5 Conclusions and future work

This paper has reviewed, selected and evaluated features in distinguishing fine changes of global texture. Particularly, we investigated the problem of appearance change in textile floor coverings due to degradation. The research was performed by following the conventional way of dividing the problem into a feature extraction stage, feature selection and classification stage. In the feature extraction stage we evaluated seventeen texture descriptors for characterizing changes in texture due to wear. We included descriptors based on statistics, filtering and models. We used two type of descriptors, one type computed from histograms and the other computed from data vectors. Then, the wear degree was quantified using descriptor differences between a reference sample and a degraded specimen. In this paper, those differences are used as features or predictor variables. In the feature selection stage we designed a methodology for selecting features based on multiple regression analysis. Finally, in the classification stage, we used the conventional leave-one-out cross validation procedure to validate our methodology. The results showed that the power spectrum, local binary patterns, the texture spectrum, Gaussian Markov random fields, autoregressive models and the pseudo-Wigner distribution provide good descriptors in measuring appearance retention in floor coverings. Then, we believe that future work in distinguishing fine changes of global texture should be developed using those techniques.

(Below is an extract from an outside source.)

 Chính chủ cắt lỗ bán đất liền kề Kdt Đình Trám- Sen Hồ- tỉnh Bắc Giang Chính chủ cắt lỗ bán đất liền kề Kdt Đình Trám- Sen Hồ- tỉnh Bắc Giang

Furthermore, a study of how the texture descriptors perform in changes of textile floor covering construction types was also presented. The results showed that textile floor coverings with high pile construction do not exhibit significative relationship between wear degree and the texture descriptors tested in this paper. Also, we proved that texture is an important descriptor in textile floor coverings with low pile construction. However, the degree of wear cannot be characterized using only texture unless the textile floor covering has loop pile construction. In such case, the linear combination between FFT and LBP is enough for measuring changes due to wear in textile floor coverings.

The study of complementary descriptors to texture for improving the process of measuring appearance retention in floor coverings remains as a future work. For instance, it is necessary to explore descriptors as hairiness, pilling, change of pattern definition, change in color, among others for improving the results presented in this paper. In addition, since the methodology is generic enough, it can be applied in any application in which a comparison between global textures is needed. For instance, in medical applications such as monitoring evolution of burned patients, texture changes in magnetic resonance imaging, evaluation of skin changes, among others. Also, it can be used in quality evaluation of still and/or image sequences in which a change of texture is seen as an artifact producing a change of quality. In general, this kind of methodology is very useful when it is necessary to compare two samples between them. Finally, we still need to study the impact of the feature selection methodology in classification results, i.e., to compare different feature selection methodologies within the proposed framework. Thus, it would be possible to measure the impact of feature selection in FCGT applications.